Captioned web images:
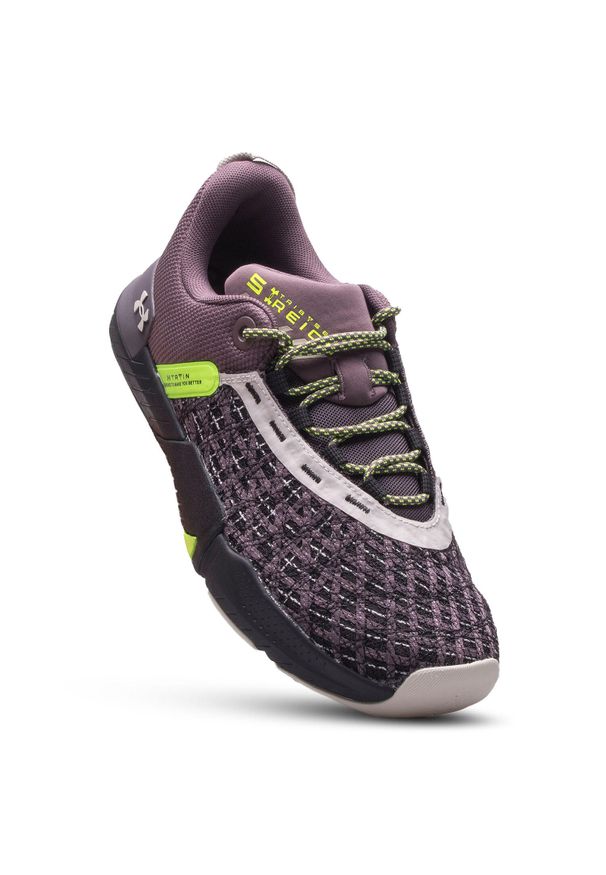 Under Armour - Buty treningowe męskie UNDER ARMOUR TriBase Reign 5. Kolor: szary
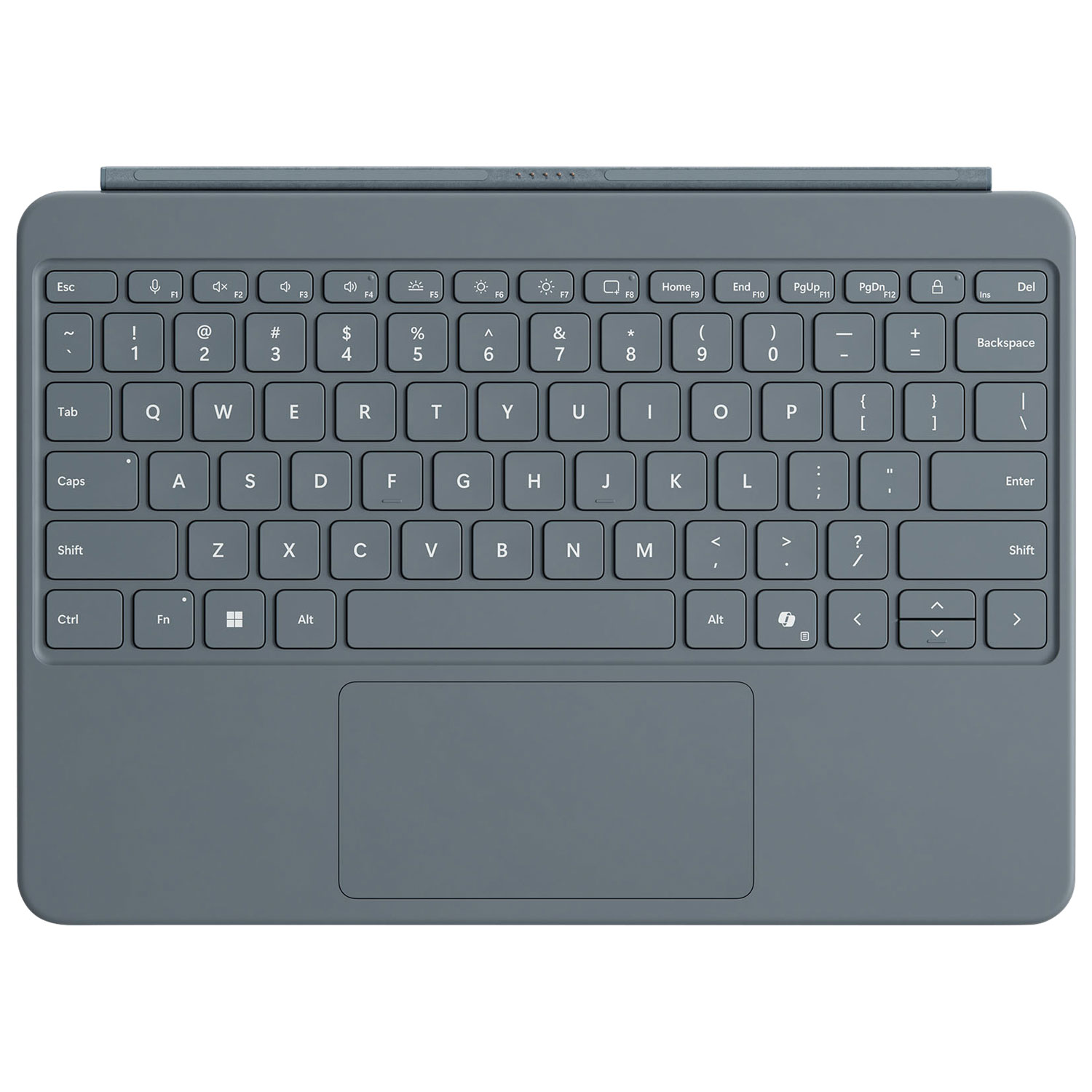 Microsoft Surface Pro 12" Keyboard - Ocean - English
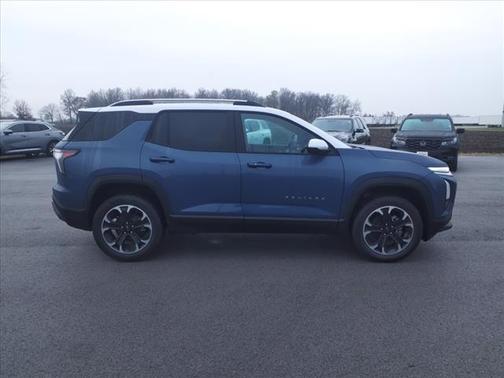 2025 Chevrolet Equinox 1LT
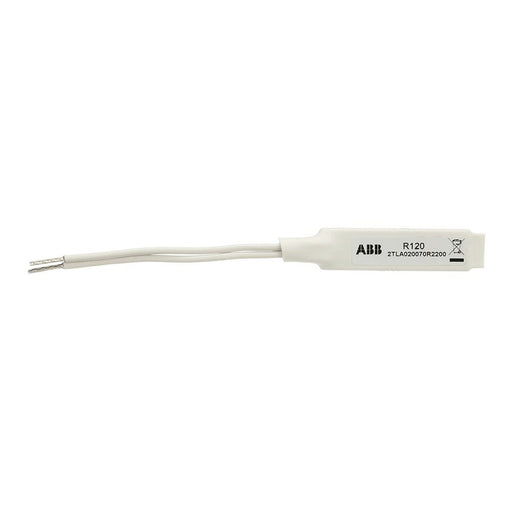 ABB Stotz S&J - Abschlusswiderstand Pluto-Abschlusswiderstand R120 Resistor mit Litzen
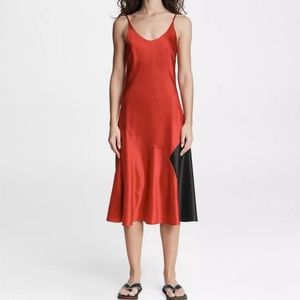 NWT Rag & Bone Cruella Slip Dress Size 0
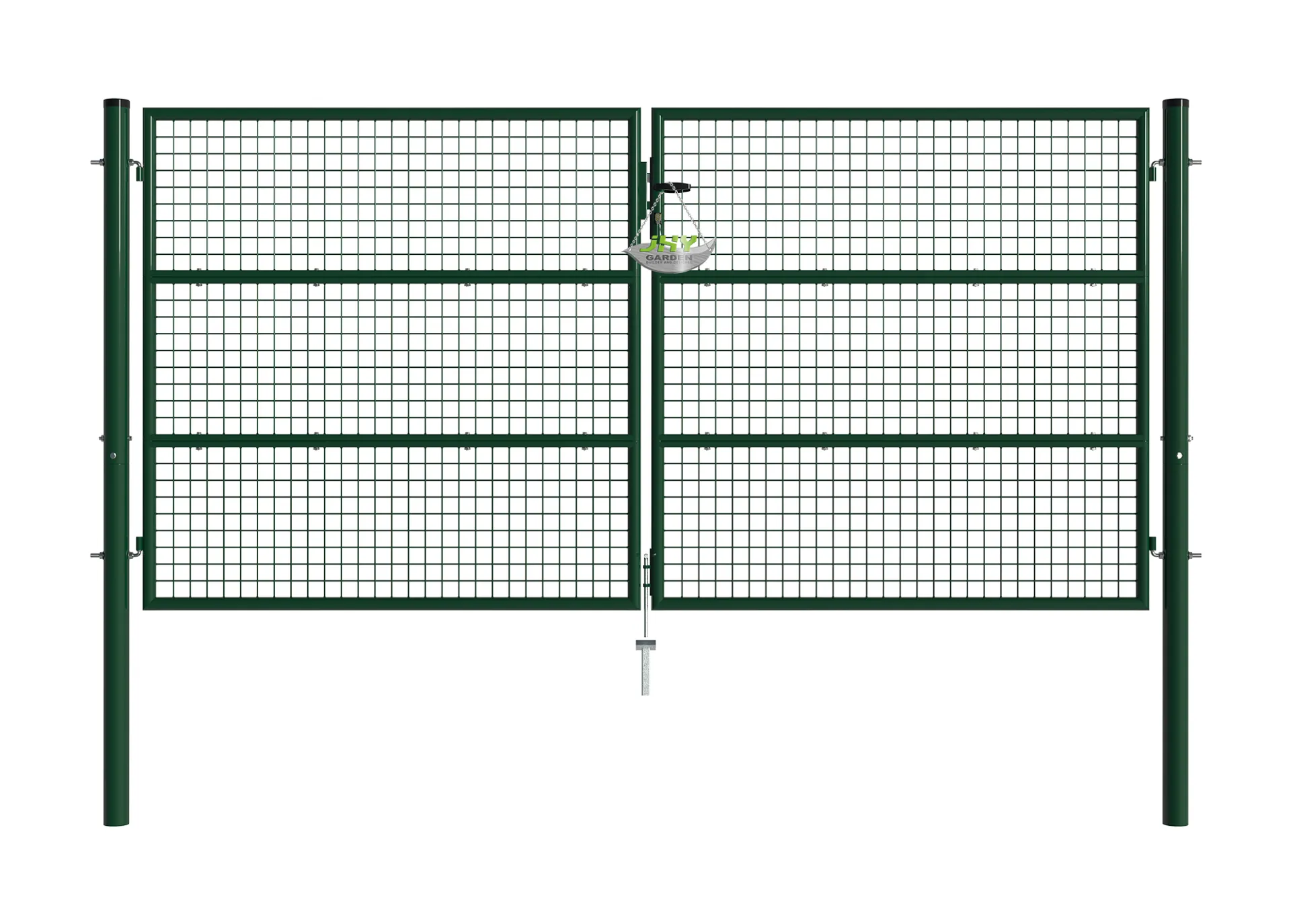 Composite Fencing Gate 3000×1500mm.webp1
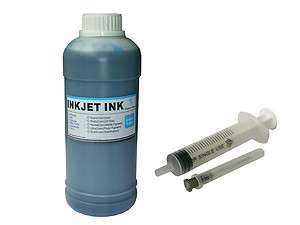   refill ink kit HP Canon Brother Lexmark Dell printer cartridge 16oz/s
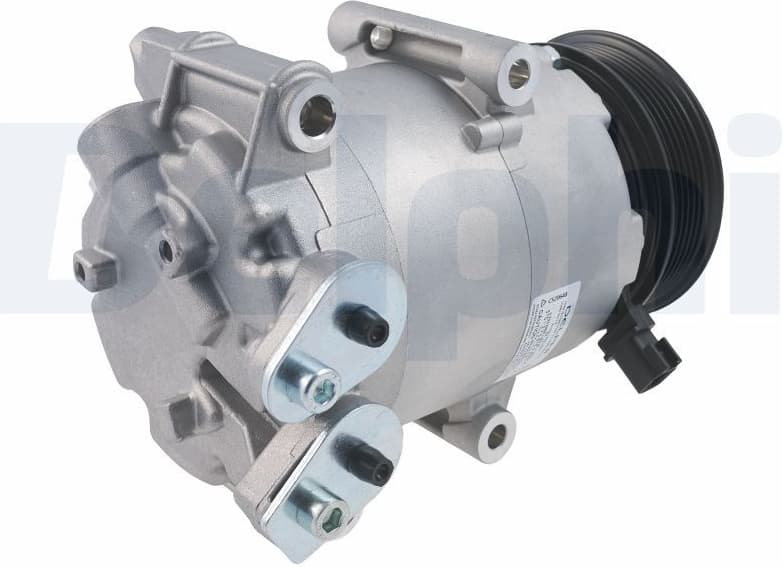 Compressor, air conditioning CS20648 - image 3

Assignment
The lines from the start of the data through the line that contains "Composite Fencing Gate 3000×1500mm.webp1" are to be returned exactly, please, with both ends included and every picture left out.

Written response
 Under Armour - Buty treningowe męskie UNDER ARMOUR TriBase Reign 5. Kolor: szary
 Microsoft Surface Pro 12" Keyboard - Ocean - English
 2025 Chevrolet Equinox 1LT
 ABB Stotz S&J - Abschlusswiderstand Pluto-Abschlusswiderstand R120 Resistor mit Litzen
 NWT Rag & Bone Cruella Slip Dress Size 0
 Composite Fencing Gate 3000×1500mm.webp1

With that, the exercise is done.